Data records:
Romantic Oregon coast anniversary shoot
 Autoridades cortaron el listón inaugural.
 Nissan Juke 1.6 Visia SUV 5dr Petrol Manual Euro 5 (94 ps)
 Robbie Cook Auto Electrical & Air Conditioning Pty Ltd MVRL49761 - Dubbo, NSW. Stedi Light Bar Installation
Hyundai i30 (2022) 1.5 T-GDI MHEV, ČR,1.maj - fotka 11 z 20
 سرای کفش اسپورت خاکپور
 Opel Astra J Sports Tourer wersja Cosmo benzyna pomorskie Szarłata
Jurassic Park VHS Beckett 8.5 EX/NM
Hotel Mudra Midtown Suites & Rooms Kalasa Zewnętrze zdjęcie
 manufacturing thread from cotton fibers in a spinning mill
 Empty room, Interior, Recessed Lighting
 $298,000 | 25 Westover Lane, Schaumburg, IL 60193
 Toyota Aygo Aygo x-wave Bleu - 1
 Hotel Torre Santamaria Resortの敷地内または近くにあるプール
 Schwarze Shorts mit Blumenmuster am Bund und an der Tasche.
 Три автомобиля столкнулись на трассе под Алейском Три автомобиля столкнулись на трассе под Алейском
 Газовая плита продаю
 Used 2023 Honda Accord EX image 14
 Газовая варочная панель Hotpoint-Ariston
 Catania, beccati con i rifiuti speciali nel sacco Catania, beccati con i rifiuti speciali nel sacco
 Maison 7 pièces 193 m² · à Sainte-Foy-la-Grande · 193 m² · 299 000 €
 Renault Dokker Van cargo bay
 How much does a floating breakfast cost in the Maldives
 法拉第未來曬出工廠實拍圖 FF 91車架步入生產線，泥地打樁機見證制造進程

* What this task involves: All of the records above are to be printed again exactly as they appear.

* Solution to this task:
Romantic Oregon coast anniversary shoot
 Autoridades cortaron el listón inaugural.
 Nissan Juke 1.6 Visia SUV 5dr Petrol Manual Euro 5 (94 ps)
 Robbie Cook Auto Electrical & Air Conditioning Pty Ltd MVRL49761 - Dubbo, NSW. Stedi Light Bar Installation
Hyundai i30 (2022) 1.5 T-GDI MHEV, ČR,1.maj - fotka 11 z 20
 سرای کفش اسپورت خاکپور
 Opel Astra J Sports Tourer wersja Cosmo benzyna pomorskie Szarłata
Jurassic Park VHS Beckett 8.5 EX/NM
Hotel Mudra Midtown Suites & Rooms Kalasa Zewnętrze zdjęcie
 manufacturing thread from cotton fibers in a spinning mill
 Empty room, Interior, Recessed Lighting
 $298,000 | 25 Westover Lane, Schaumburg, IL 60193
 Toyota Aygo Aygo x-wave Bleu - 1
 Hotel Torre Santamaria Resortの敷地内または近くにあるプール
 Schwarze Shorts mit Blumenmuster am Bund und an der Tasche.
 Три автомобиля столкнулись на трассе под Алейском Три автомобиля столкнулись на трассе под Алейском
 Газовая плита продаю
 Used 2023 Honda Accord EX image 14
 Газовая варочная панель Hotpoint-Ariston
 Catania, beccati con i rifiuti speciali nel sacco Catania, beccati con i rifiuti speciali nel sacco
 Maison 7 pièces 193 m² · à Sainte-Foy-la-Grande · 193 m² · 299 000 €
 Renault Dokker Van cargo bay
 How much does a floating breakfast cost in the Maldives
 法拉第未來曬出工廠實拍圖 FF 91車架步入生產線，泥地打樁機見證制造進程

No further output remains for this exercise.